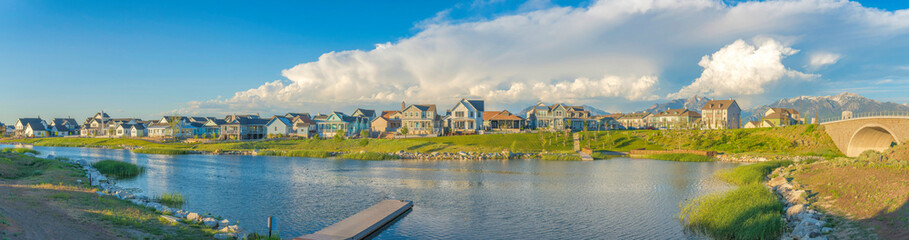 Daybreak residential community near the bridge over the Oquirrh lake with dock at the front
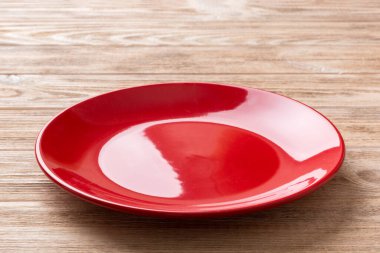 Ahşap zemindeki boş kırmızı tabağın perspektif görüntüsü. Tasarımın için boş boşluk.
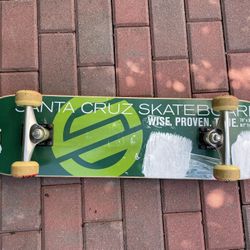 Green Santa Cruz Mountain Dew skateboard
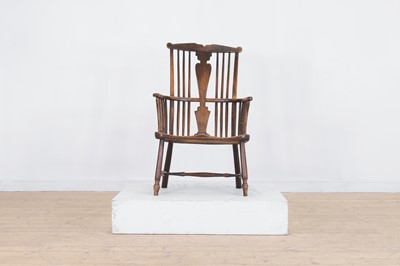 Lot 633 - A George III elm and beech Windsor chair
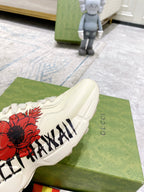 Gucci unisex sneakers, white shoe side with red flower print and black lettering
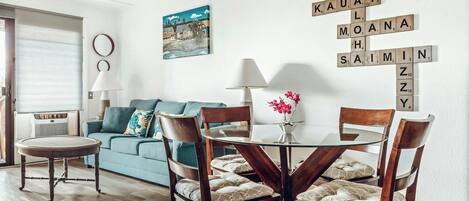 A living room with a blue sofa, a round table with chairs, and a wall with Scrabble tiles spelling out words.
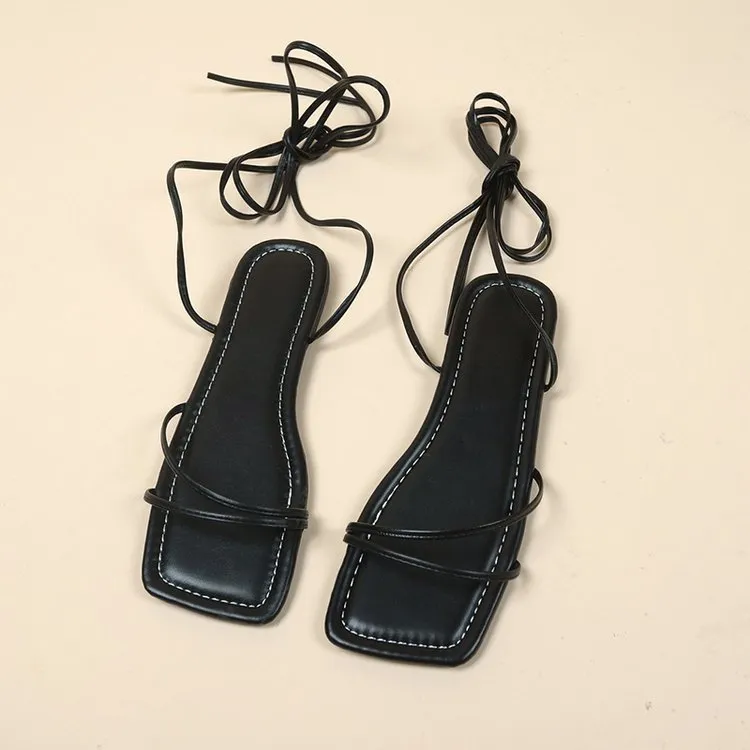 Women's flat sandals with ankle ring bandage cloth design and front lace-up in white colour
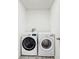 Laundry room featuring a new washer and dryer on wood-look flooring at 5329 Companion Ln, Tampa, FL 33619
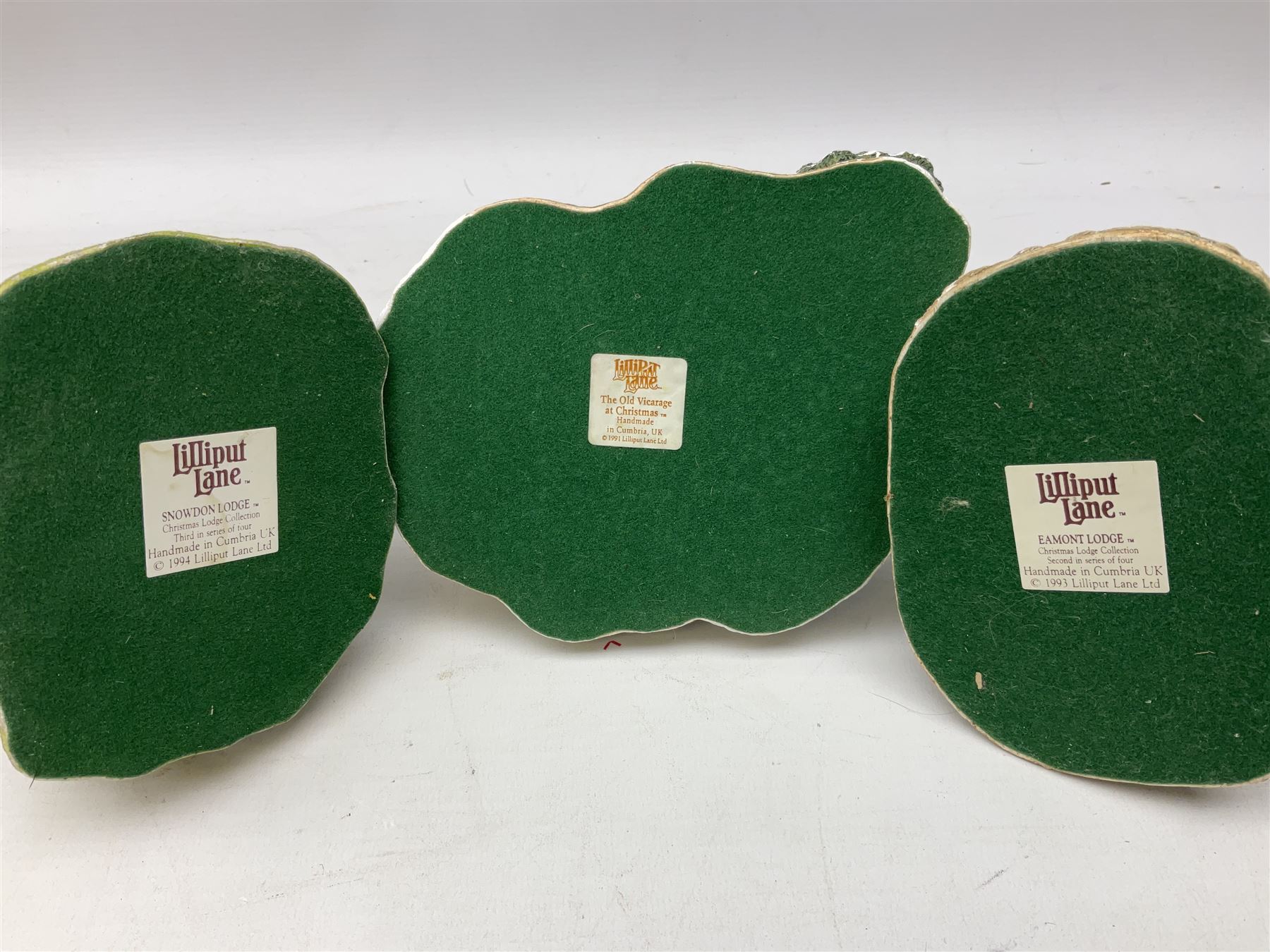 Sixteen Lilliput Lane models from Christmas collections, thirteen boxed and two loose, with various deeds, to include Snowdon Lodge, The Vicarage, Eamont Lodge etc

··········

Task directions: Output every record above word for word, omitting any pictures they contain.

Exercise answer:
 Daybreak residential community near the bridge over the Oquirrh lake with dock at the front
 Ahşap zemindeki boş kırmızı tabağın perspektif görüntüsü. Tasarımın için boş boşluk.
 Green Santa Cruz Mountain Dew skateboard
 Lot 633 - A George III elm and beech Windsor chair
 Gucci unisex sneakers, white shoe side with red flower print and black lettering
 A living room with a blue sofa, a round table with chairs, and a wall with Scrabble tiles spelling out words.
 Women's flat sandals with ankle ring bandage cloth design and front lace-up in white colour
 Laundry room featuring a new washer and dryer on wood-look flooring at 5329 Companion Ln, Tampa, FL 33619
 Sixteen Lilliput Lane models from Christmas collections, thirteen boxed and two loose, with various deeds, to include Snowdon Lodge, The Vicarage, Eamont Lodge etc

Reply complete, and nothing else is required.